Records drawn from a dataset
########################################
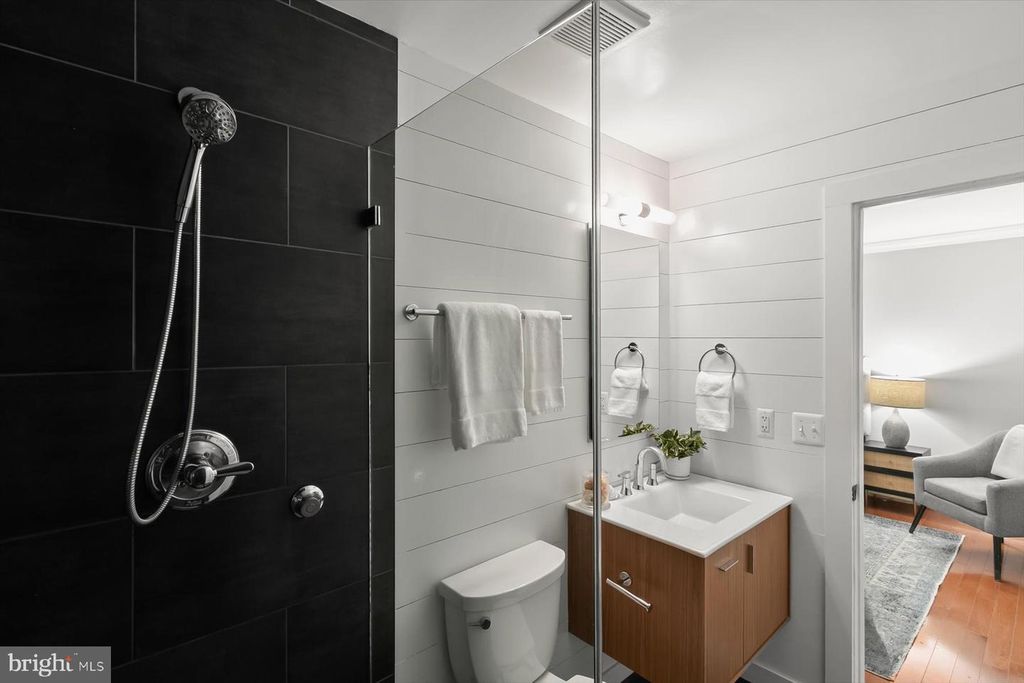 Image 28 of property listing at 10525 ENGLISHMAN DR #178, Rockville, MD 20852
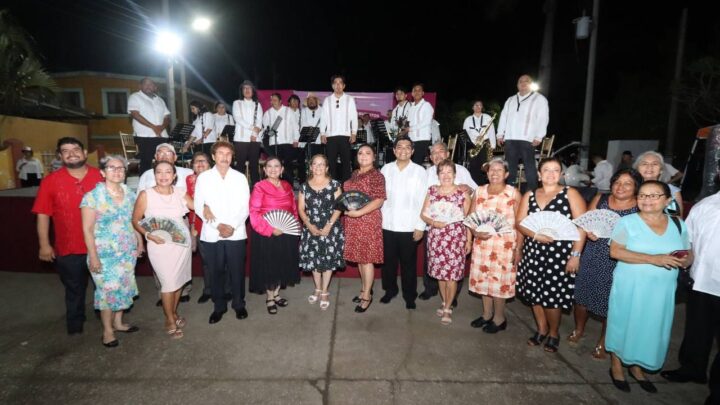 PRESIDENTA DEL DIF ALTAMIRA ENCABEZA FESTIVAL DE ORO EN RECONOCIMIENTO A LOS ADULTOS MAYORES DE ZONA RURAL.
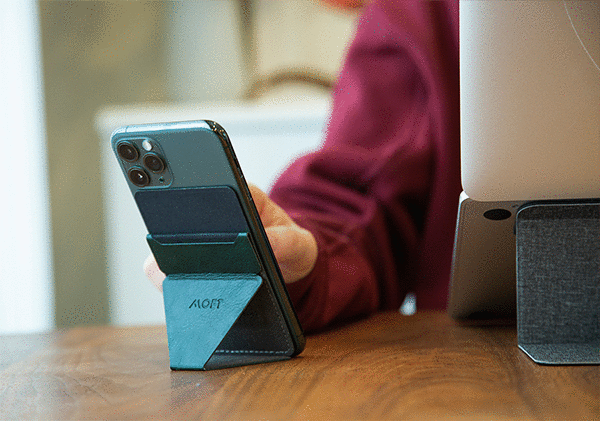 縦置き・横置きどちらも設置可能、スマホリングにもなる万能スマホスタンド|MOFT|スマホアクセサリーで快適なモバイルライフを。スマホがもっと便利になるおすすめグッズをご紹介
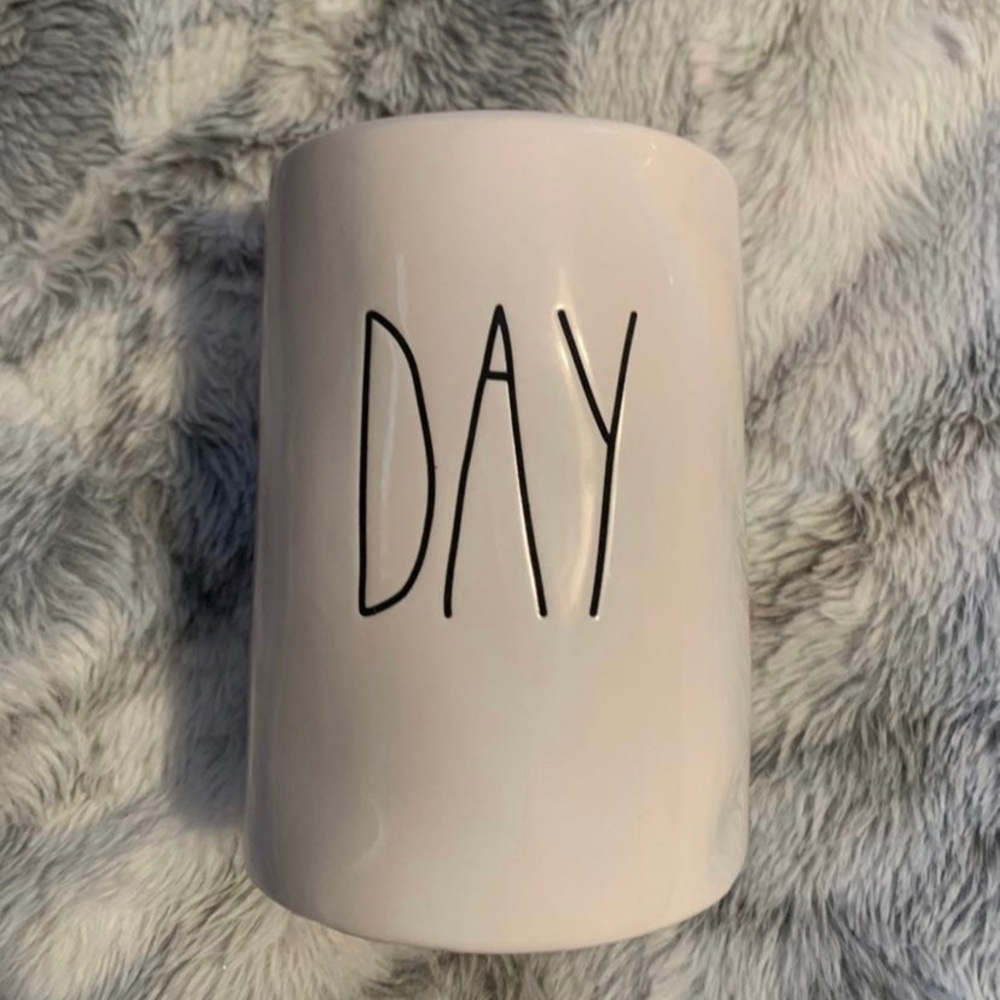 Rae Dunn “DAY” Candle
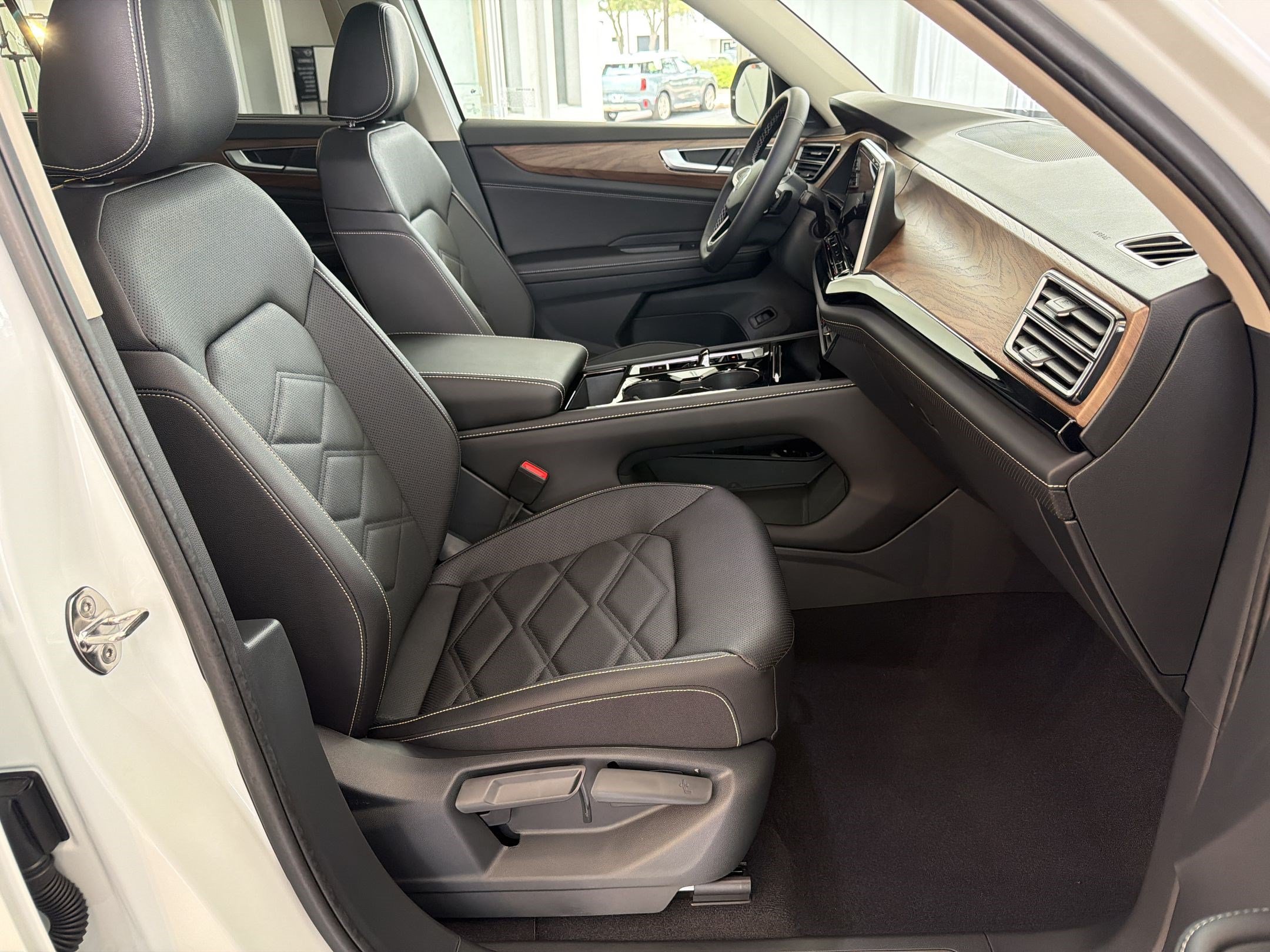 New 2026 Volkswagen Atlas SE FWD image 30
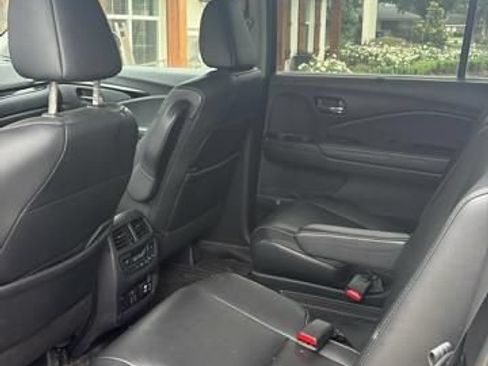 Used 2020 Honda Pilot Touring image 8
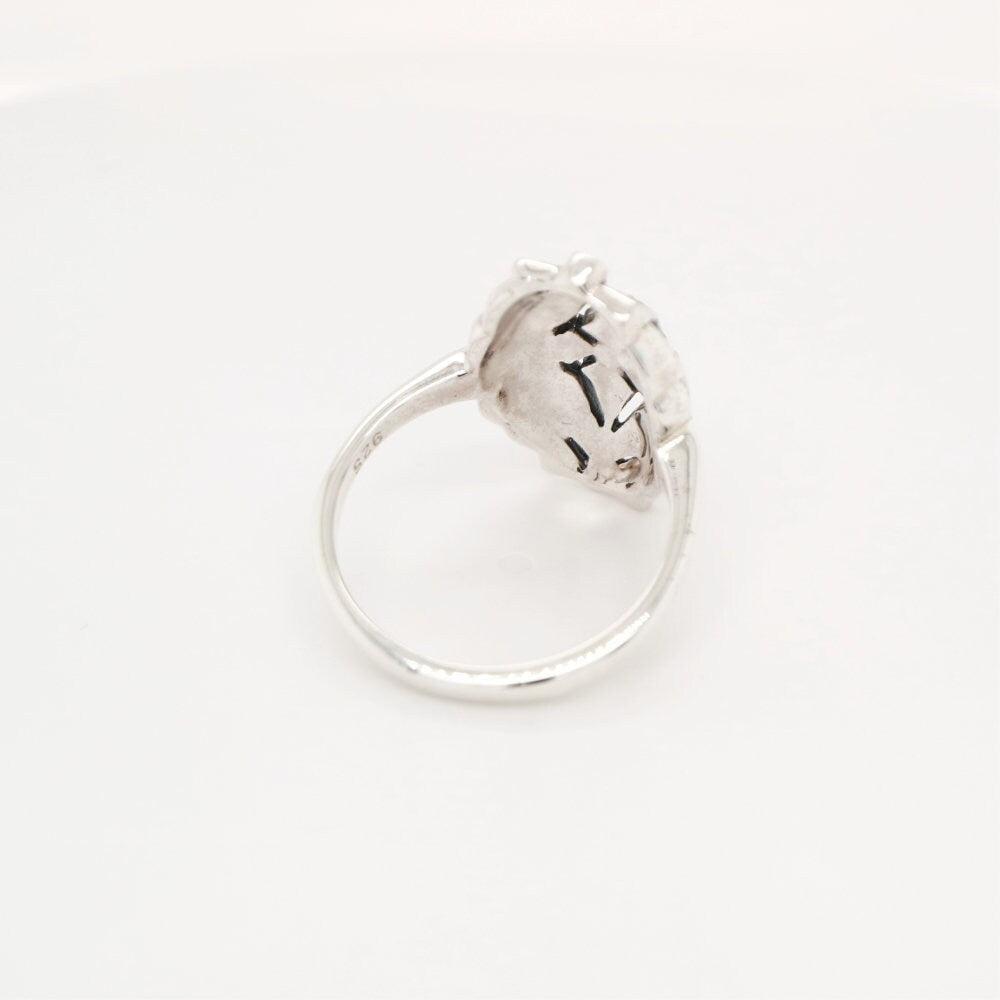 Marcasite Shield ring in Silver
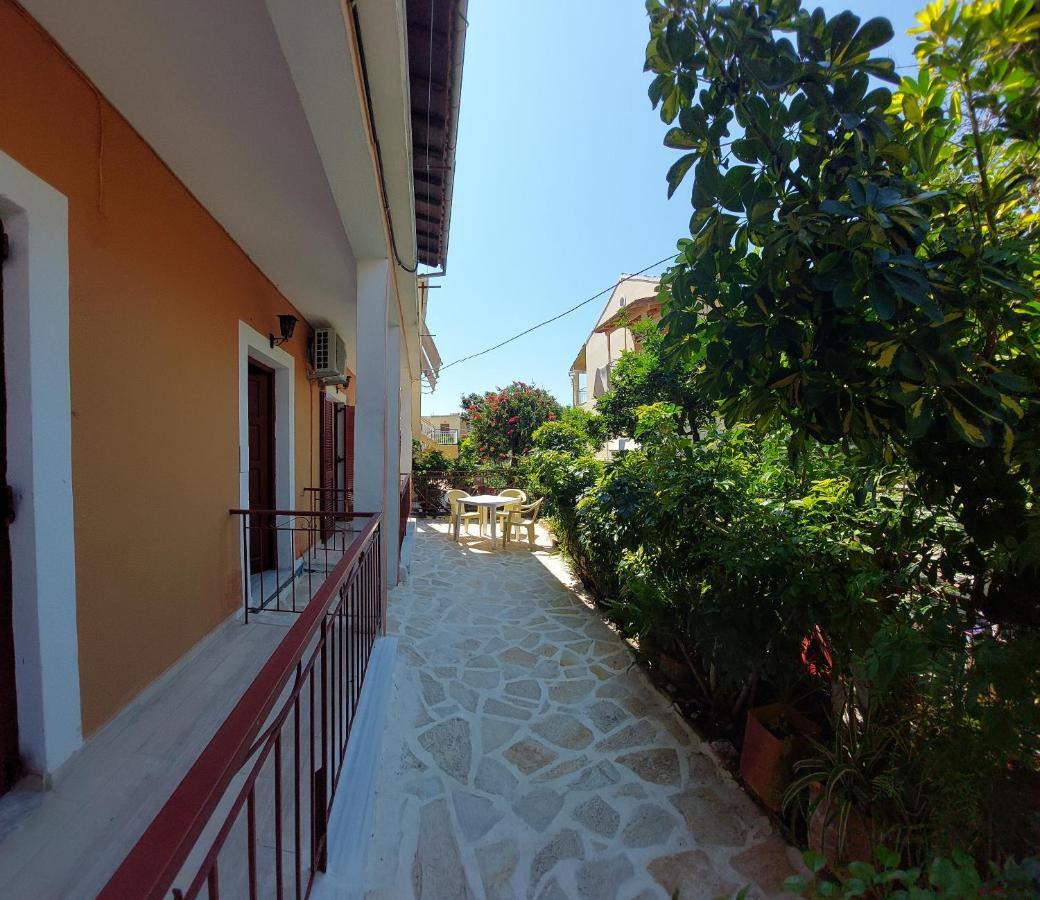 Dora'S Apartments กาวอส ภายนอก รูปภาพ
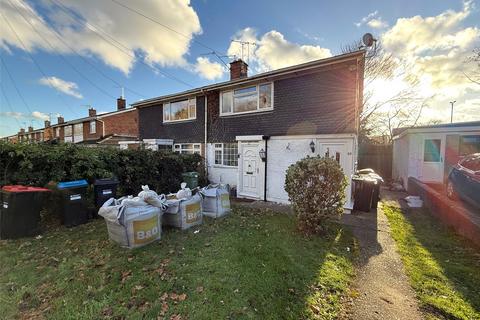 2 bedroom maisonette for sale, Little Linford Lane, Newport Pagnell, Buckinghamshire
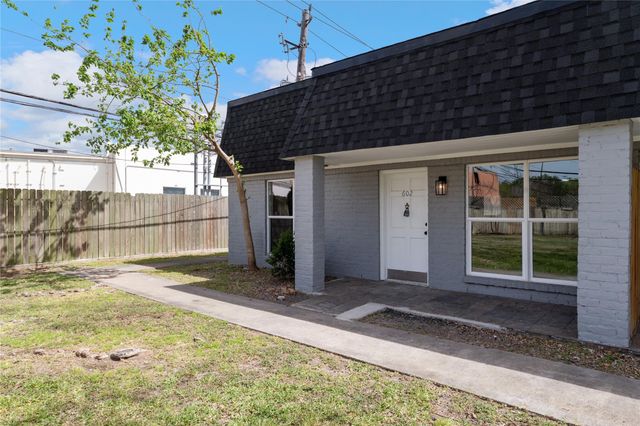 2675 Gessner Drive, Houston, TX 77080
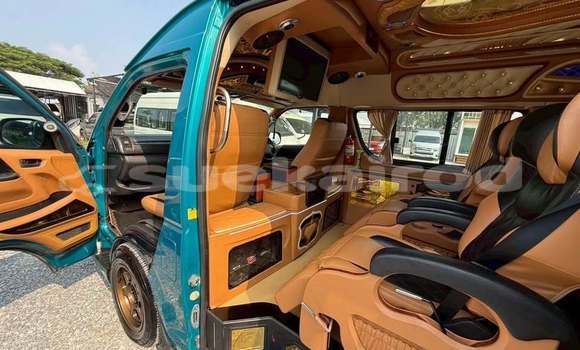 Buy Used Toyota Commuter Blue Car in Bangkok in Bangkok Buy Used Toyota Commuter Blue Car in Bangkok in Bangkok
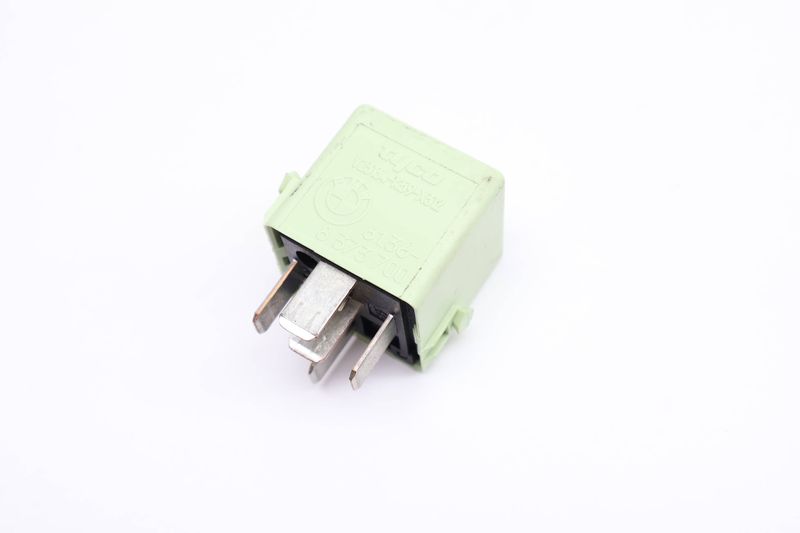 Relay 61368373700 — Used (SKU 646333)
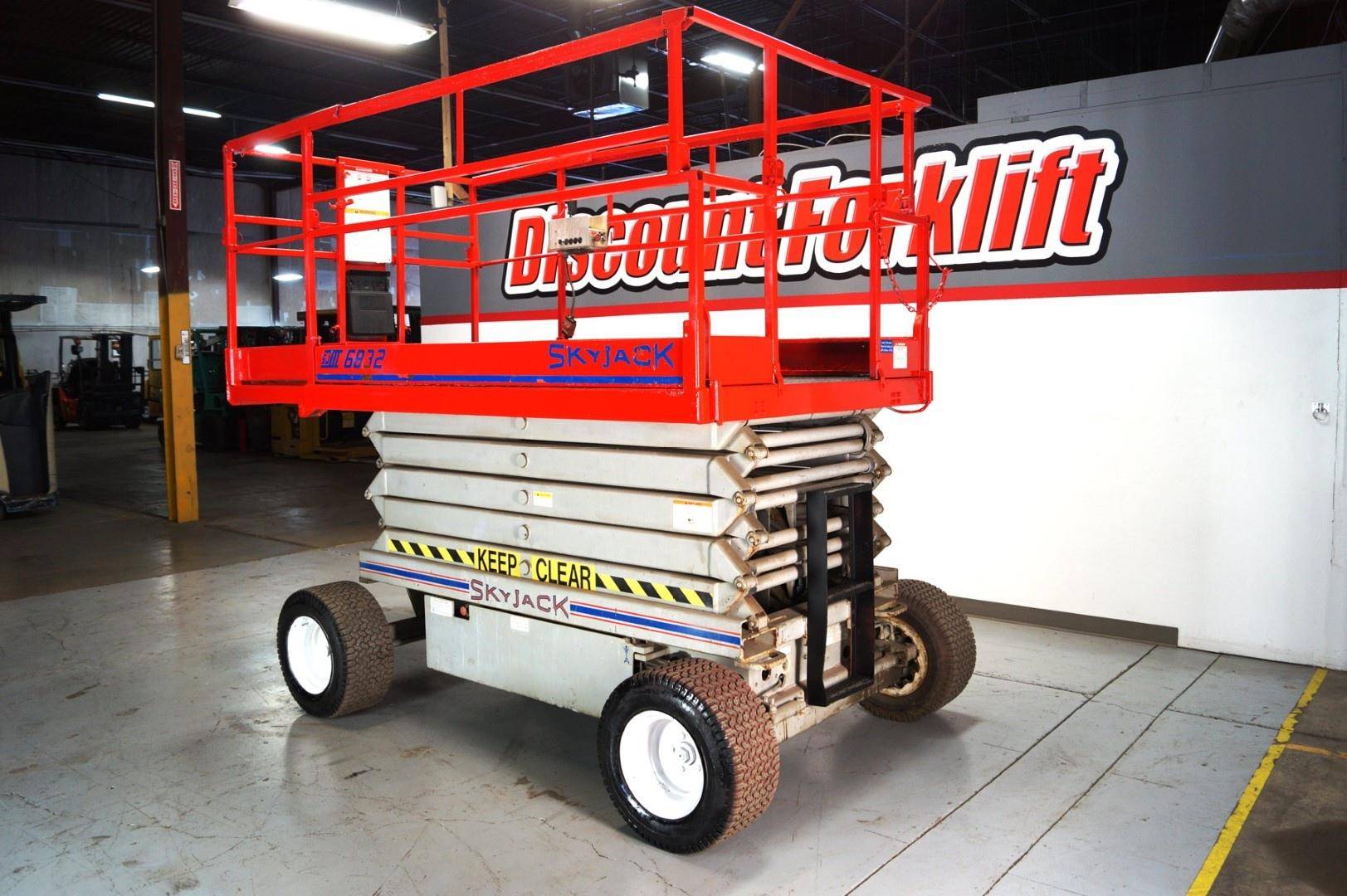 1999 Electric Skyjack SJIII6832 Rough Terrain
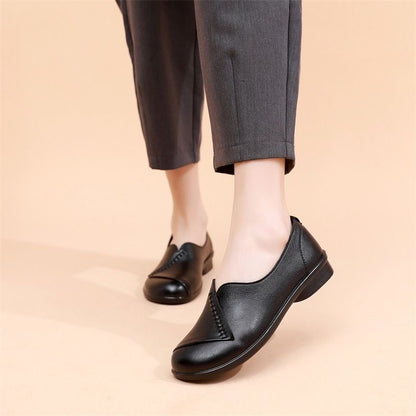 Zapatos de cuero antideslizantes con suela blanda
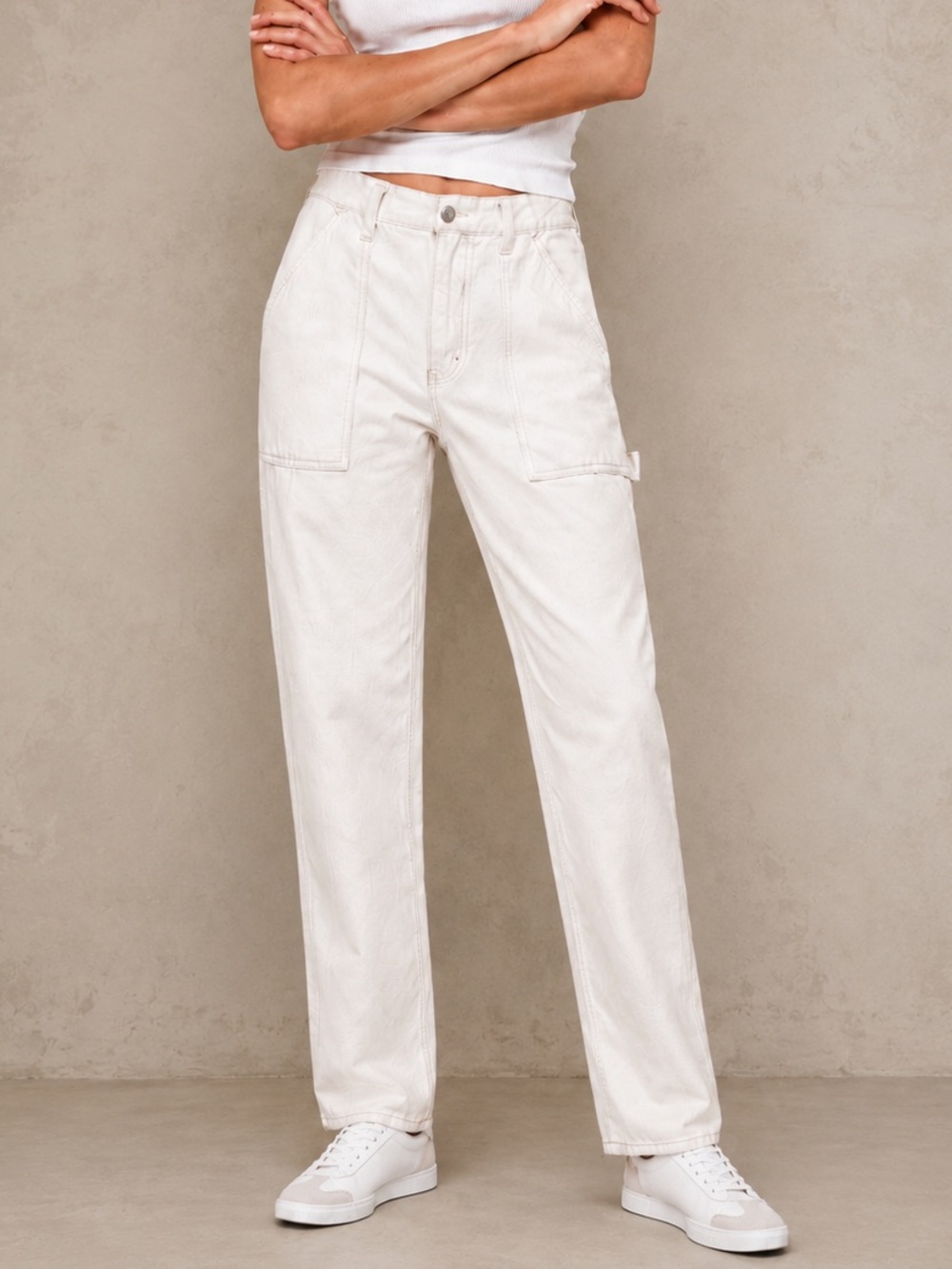 Abercrombie Curve Love 90s Straight Ultra High Rise White Jeans Size 27/4 Long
########################################
TASK DIRECTIONS ▸ Set down only the lines running from the line with "Zapatos de cuero" to the end of the entries, inclusive; omit every picture.

YOUR RESPONSE ▸
 Zapatos de cuero antideslizantes con suela blanda
 Abercrombie Curve Love 90s Straight Ultra High Rise White Jeans Size 27/4 Long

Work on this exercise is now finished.